Apesar disso, para a direita
mais recalcitrante Obama é um extremista ao qual ameaçam com continuar travando
batalha no Senado para neutralizar os efeitos da reforma sanitária e sabotá-la
abertamente
Os problemas de nossa época
ainda são muito mais graves.
O Fundo Monetário
Internacional, o Banco Mundial e outros organismos internacionais que outorgam
créditos, sob o controle rigoroso dos Estados Unidos, permitem que os grandes
bancos norte-americanos – criadores dos paraísos fiscais e responsáveis pelo
caos financeiro no planeta - sejam ajudados pelos governos desse país em cada
uma das freqüentes e crescentes crises do sistema.
A Reserva Federal dos Estados
Unidos emite a seu bel-prazer as divisas convertíveis que custeiam as guerras
de conquista, os lucros do Complexo Militar Industrial, as bases militares
espalhadas pelo mundo e os grandes investimentos com os quais as multinacionais
controlam a economia em muitos países do mundo. Nixon suspendeu unilateralmente
a conversão do dólar em ouro, enquanto nos cofres dos bancos de Nova Iorque são
guardados sete mil toneladas de ouro, algo mais de 25% das reservas mundiais
desse metal, cifra que no fim da Segunda Guerra Mundial ultrapassava o 80%. Argumenta-se
que a dívida pública ultrapassa os 10 bilhões de dólares, o qual excede os 70%
do seu PIB, como uma carga que é transferida às novas gerações. Afirma-se isso
quando, na verdade, é a economia mundial a que custeia essa dívida com as
enormes despesas em bens e serviços que oferece para adquirir dólares
norte-americanos, com os quais as grandes multinacionais desse país se
apoderaram de uma considerável parte das riquezas do mundo e sustentam a
sociedade de consumo dessa nação.
Qualquer pessoa compreende
que tal sistema é insustentável, e por que os setores mais ricos nos Estados
Unidos e os seus aliados no mundo defendem um sistema apenas sustentável
mediante a ignorância, as mentiras e os reflexos condicionados semeados na
opinião mundial através do monopólio da mídia, incluindo as principais redes da
Internet.
Hoje a estrutura é derrubada
perante o avanço acelerado da mudança climática e suas nefastas conseqüências,
que colocam a humanidade diante de um dilema excepcional.

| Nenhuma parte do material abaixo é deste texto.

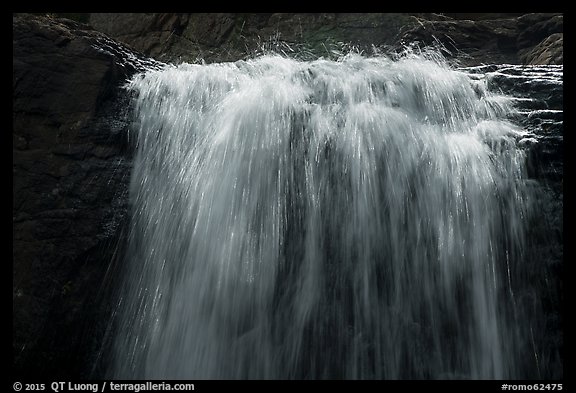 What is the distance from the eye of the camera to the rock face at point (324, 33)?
917 centimetres

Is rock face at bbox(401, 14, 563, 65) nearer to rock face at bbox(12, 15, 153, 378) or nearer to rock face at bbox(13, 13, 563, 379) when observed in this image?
rock face at bbox(13, 13, 563, 379)

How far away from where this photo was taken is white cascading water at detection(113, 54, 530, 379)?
369 cm

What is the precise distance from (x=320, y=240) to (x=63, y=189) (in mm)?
2695

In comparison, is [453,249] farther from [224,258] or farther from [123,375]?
[123,375]

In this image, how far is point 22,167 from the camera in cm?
421

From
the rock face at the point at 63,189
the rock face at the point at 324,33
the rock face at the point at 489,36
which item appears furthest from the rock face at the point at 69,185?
the rock face at the point at 324,33

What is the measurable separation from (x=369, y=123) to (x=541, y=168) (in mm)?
1845

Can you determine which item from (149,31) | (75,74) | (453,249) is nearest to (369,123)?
(453,249)

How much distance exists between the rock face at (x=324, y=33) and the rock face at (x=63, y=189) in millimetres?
5674

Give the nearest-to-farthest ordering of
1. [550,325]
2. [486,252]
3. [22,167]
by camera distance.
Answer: [550,325] < [486,252] < [22,167]

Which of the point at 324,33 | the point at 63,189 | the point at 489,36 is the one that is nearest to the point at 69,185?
the point at 63,189

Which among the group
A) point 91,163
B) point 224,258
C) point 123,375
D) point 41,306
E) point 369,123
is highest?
point 369,123

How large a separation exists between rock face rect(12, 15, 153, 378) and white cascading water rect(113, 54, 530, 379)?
11.0 inches

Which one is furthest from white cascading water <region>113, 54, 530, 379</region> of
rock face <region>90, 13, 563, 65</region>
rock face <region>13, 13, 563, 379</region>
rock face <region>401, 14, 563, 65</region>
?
rock face <region>90, 13, 563, 65</region> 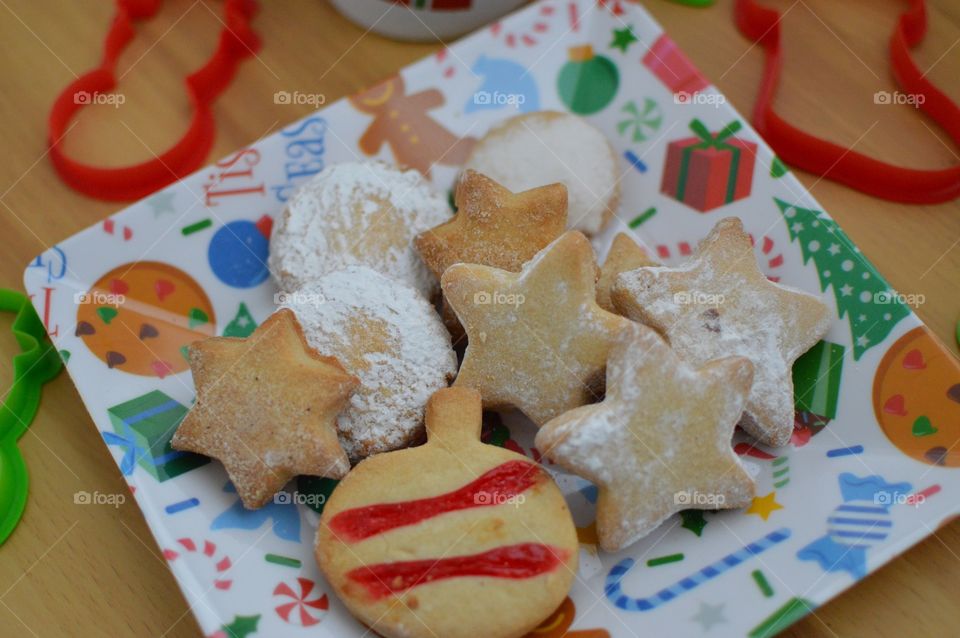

As guerras entre as potências
não parecem ser já a solução possível às grandes contradições, como o foram até
a segunda metade do século XX; mas, pela sua vez, incidiram de tal forma sobre
os fatores que fazem possíveis a sobrevivência humana, que podem pôr fim
prematuramente à existência da atual espécie inteligente que habita no nosso
planeta.
Há alguns dias exprimi a minha convicção de
que, à luz dos conhecimentos científicos que hoje são dominados, o ser humano
deverá solucionar seus problemas no planeta Terra, porque nunca poderá
percorrer a distância que separa o Sol da estrela mais próxima, localizada a
quatro anos luz, velocidade que equivale a 300 mil quilômetros por segundo –
como conhecem nossos alunos de ensino secundário -, se ao redor desse sol
existisse um planeta semelhante a nossa bela Terra.
Os Estados Unidos investem
fabulosas somas de dinheiro para comprovar a existência de água no planeta
Marte e conhecer se existiu ou existe alguma forma elementar de vida. Ninguém
sabe para que, como não seja por pura curiosidade científica. Milhões de
espécies vão desaparecendo em um ritmo acelerado em nosso planeta e suas fabulosas
quantidades de água estão sendo constantemente envenenadas.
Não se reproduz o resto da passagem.